Find the context where your leadership thrives

Johto Advisors » Find the context where your leadership thrives
Key insights

  • When you clarify in advance the situations where you perform at your best as a leader, your next career step becomes easier to define.
  • A clear “bullseye” helps you articulate your value: what you bring to the table, in which settings it creates real impact, and where you genuinely thrive.
  • What you exclude is just as important as what you pursue – while remaining open to well-considered surprises.
  • Lasting success in a new role depends not only on your capabilities but also on the environment – one where the strategy, mandate, resources and culture support your success.

Planning brings clarity to your choices

The best time to reflect on your next career move is before change becomes inevitable.
Which roles and contexts bring out the best in you? When have you achieved the most, and what truly motivates you? When these answers are clear, you are better prepared – both to shape your own direction and to engage in meaningful conversations during executive selection processes.

Effective leadership is context-specific

Your leadership “bullseye” is the combination of situation, role and environment where you perform at your best. The key is to identify in which stage of a company’s journey you create the most value – and with what kind of ownership, board and leadership team you are at your most natural.

The bullseye is not a list of titles or industries, but a description of the situations where your expertise translates into tangible results. The clearer you can define this, the easier it becomes to recognize which opportunities truly fit – and when a polite decline is the wiser decision.

Focus and opportunity – narrowing and widening

Next comes focus: which roles, environments and industries are both appealing and realistic – and which do you consciously rule out? Focus does not mean narrowness, but clarity. When you know which contexts are unlikely to bring out your best – whether a particular ownership structure, culture or business phase – you save both your own and others’ time. That’s a sign of self-awareness, not pickiness.

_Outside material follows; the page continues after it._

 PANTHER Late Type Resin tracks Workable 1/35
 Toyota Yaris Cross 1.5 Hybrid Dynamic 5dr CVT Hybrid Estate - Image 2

The third dimension is the considered surprise. f an unexpected opportunity arose – slightly outside your industry or in a different business model – what could be worth exploring? Out-of-the-box doesn’t mean a leap into the unknown, but a new context where your core strengths still create value. Your experience might be of real benefit in an adjacent industry or in a company that is building what you already know how to create.

Sustainable career choices are built on the right conditions

Before accepting a new role, it’s worth validating the fundamentals. A credible strategy, a genuine mandate, adequate resources and a supportive culture largely determine whether even an experienced leader can succeed. A role may look right on paper, but without these foundations, success becomes difficult to sustain.

When you combine a clear bullseye, conscious boundaries, considered surprises and a realistic view of the conditions for success, you build a strong foundation for your next move. You’re not waiting for chance – you recognize when an opportunity truly aligns with the direction you want your career to take.